Introduction
This article uses a case study from Intel Corporation’s internal new business incubator to illustrate the challenges many large organizations face when trying to scale transformative new business opportunities. The Hawthorne project described within is based on several real projects that the authors had direct involvement with over many years working in the incubator but modified into a single composite project to simplify the narrative and to respect the confidentiality of the actual projects. The opinions expressed in this article are those of the authors alone and do not necessarily reflect the opinions or strategies of Intel Corporation or its worldwide subsidiaries.
The Case Study – Intel’s Hawthorne Project
The new business development group within Intel Corporation® had just spent eight months incubating a new transformational business, codenamed the Hawthorne Project. The team had just completed the incubation part of the innovation process and embraced many of the leading theories for implementing a transformational innovation.
- The internal incubator was an implementation of an ambidextrous organization with unique and independent governance for both the incubator and the new business ventures within.
- The incubator and the project team embraced stage-gated investment and the iterative and agile Lean Startup tactics.
- The Hawthorne team had interviewed potential customers, tested product-market fit, built several minimum viable products to test the market further and get customer feedback, and significantly reduced the uncertainty associated with the product and business model through a series of experiments.
- The use case domain had significant long-term potential but was still emerging. Only a few very small startups were competing to address similar market needs.
The team was excited with the results and was now seeking a significant new funding increase to scale the new business. As the funding meeting closed, the conference room was full of energy; the team was excited about how big an impact the new business could have on the company. The Hawthorne Project felt like the transformational innovation the company had been looking for, and the team was proud of its work. The project had passed all the milestone-based funding hurdles during the incubation period, and the team was on its way to scaling the effort significantly. But the business was doomed to fail. Just eight months later, the Hawthorne team would return to the same room, asking for more time and money, with only a laundry list of excuses for failing to scale the innovation.

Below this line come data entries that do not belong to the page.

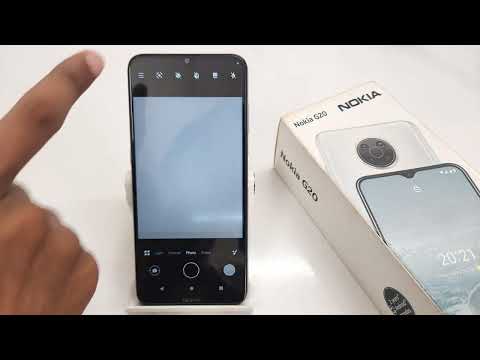 ow to set custome watermark in camera  Nokia G20 ,G22 | Nokia G21 me Camera pe apna naam kaise likhe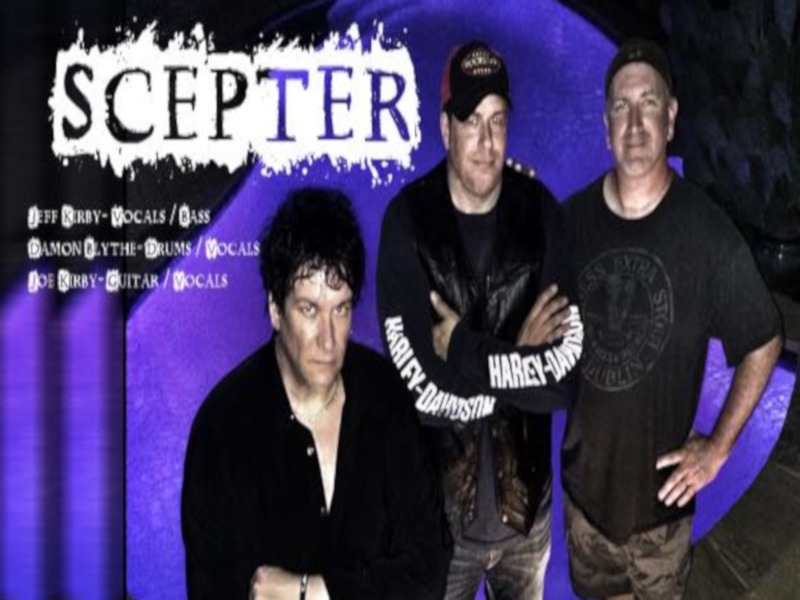 Welcome To Scepter®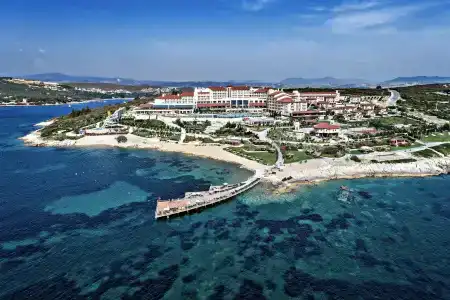 Royal Teos Thermal Resort Clinic & Spa - 41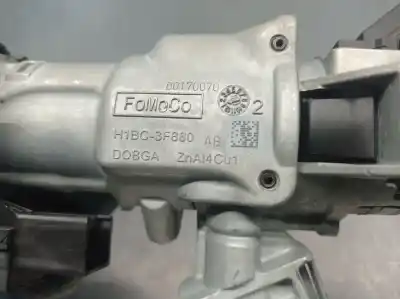 Автозапчасти б/у переключатель стартера за ford fiesta vii (hj, hf) 1.1 ti-vct ссылки oem iam h1bc3f880ab 00170070 2095650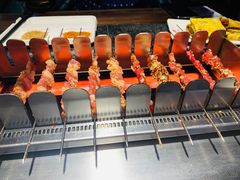 -邢氏老太太烧烤(罗湖店)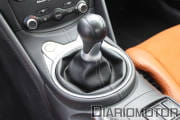 Nissan 370Z, a prueba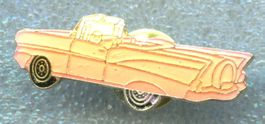 Chevrolet Bel Air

Transformative vs. Incremental Innovation
Transformational innovations (see Brown and Anthony, 2011 HBR article for a more expanded definition) continue to be problematic for large corporations. Since 2000, fifty-two percent of the Fortune 500 companies have either gone bankrupt, been acquired, ceased to exist, or dropped out of the Fortune 500. Burgelman and Grove (2007) concluded that the principal reason for the demise of large companies is that they are unable to balance sustaining and transformational innovation efforts. An example of a transformational innovation would be the iPod/iTunes, which offered a new category for Apple and allowed them to enter the music and digital services space. Prior to the introduction of the iPod, Apple’s competencies were based on Apple PC’s integrated hardware and accompanying software. The iPod/iTunes was a transformational innovation for Apple since many elements of its business model required significant changes. In contrast, sustaining or incremental innovations like P&G adding flavors such as cinnamon or wintergreen to their toothpaste rely on their current business model.